Von der Zurückverweisung kann hier auch nicht deshalb abgesehen werden, weil die Beteiligten den Versorgungsausgleich durch notariellen Ehevertrag ausgeschlossen haben. Von einer Zurückverweisung kann nur dann ausnahmsweise abgesehen werden, wenn der Zweck des § 137 FamFG, eine gleichzeitige Entscheidung über den Scheidungsantrag und die zu regelnden Folgesachen zu gewährleisten und den Parteien für die Folgesachen keine Instanz zu nehmen, nicht erreicht werden kann. Dies ist nur dann der Fall, wenn beide Beteiligten einverstanden sind und der Sachverhalt so vollständig geklärt ist, dass den Beteiligten durch den Verlust der Tatsacheninstanz kein Nachteil entsteht (vgl. OLG Oldenburg, FamRZ 1998, 1528). Daran fehlt es hier.

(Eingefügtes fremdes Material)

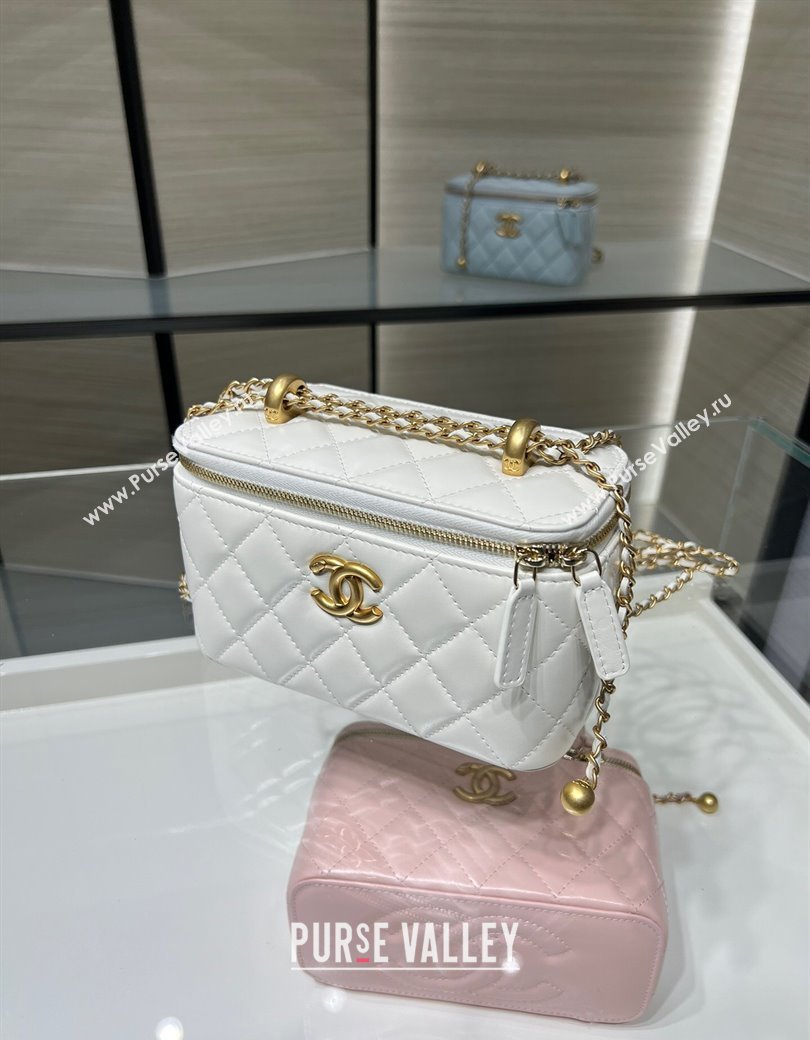 Chanel Shiny Calfskin Large Vanity with Ball Chain White 2025 AP3651 (yezi-250812099)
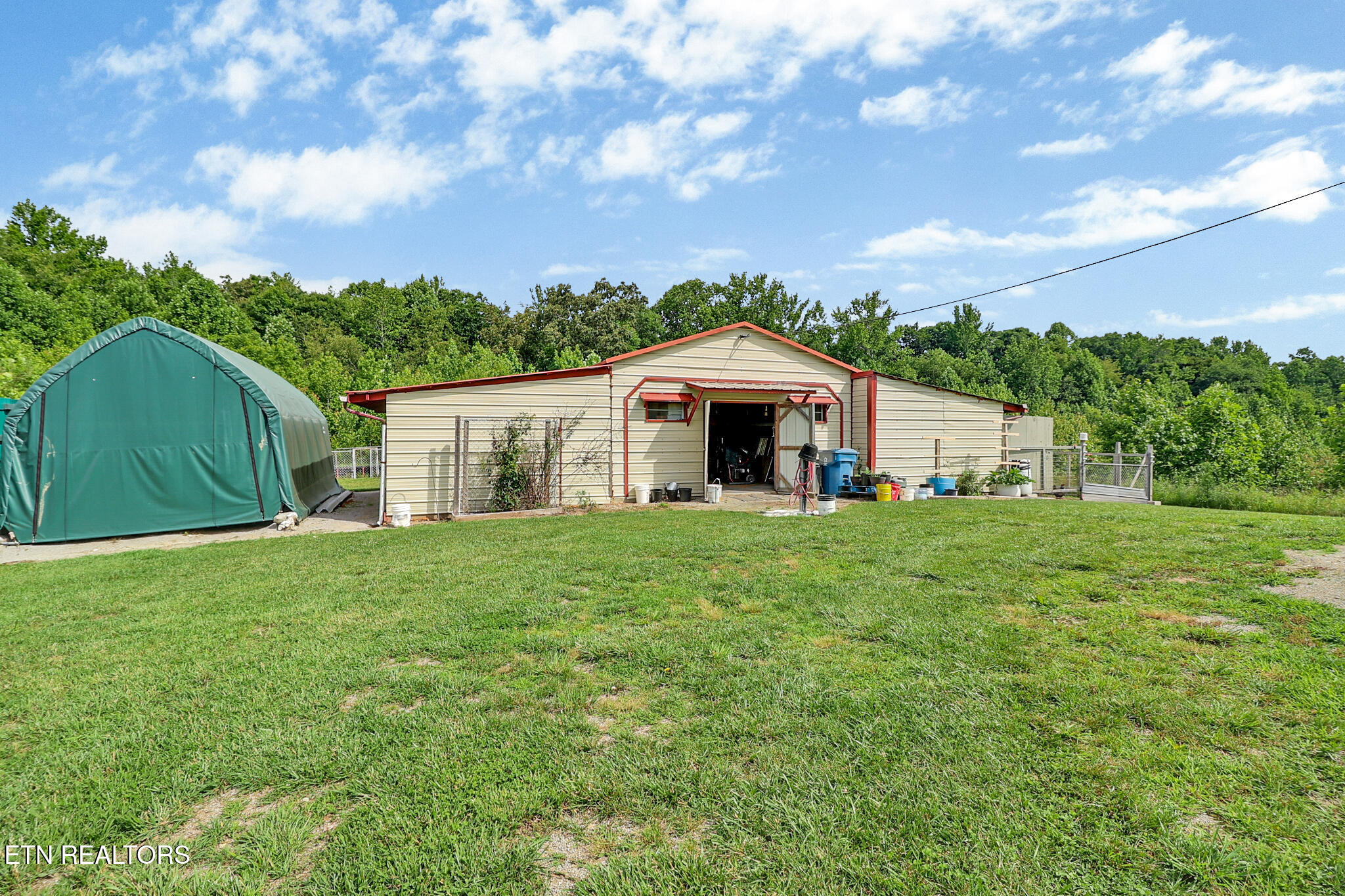 2734 Blaylock Road Crossville TN 38572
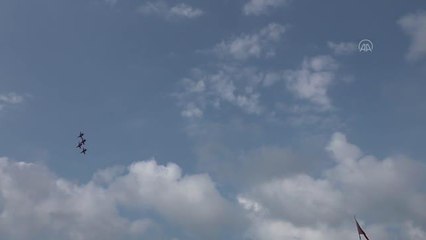 Türk Yıldızları gösteri uçuşu yaptı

Denn über den Versorgungsausgleich ist, ungeachtet eines – im Hinblick auf Wirksamkeit und Ausübungsmöglichkeit zu überprüfenden – ehevertraglich vereinbarten Ausschlusses des Versorgungsausgleichs oder sonstiger möglicher Ausschlussgründe, jedenfalls eine Entscheidung zu treffen, § 224 Abs. 3 FamFG.

III.

Das Amtsgericht wird auch über die Kosten des Berufungsverfahrens zu entscheiden haben (MüKoFamFG/Schindler, 3. Aufl., § 84 FamFG Rn. 8).

Die Entscheidung zum Wert des Beschwerdeverfahrens folgt aus §§ 55 Abs. 2, 40 Abs. 1, 43 FamGKG.

Gründe für die Zulassung der Rechtsbeschwerde liegen nicht vor, § 70 Abs. 2 FamFG.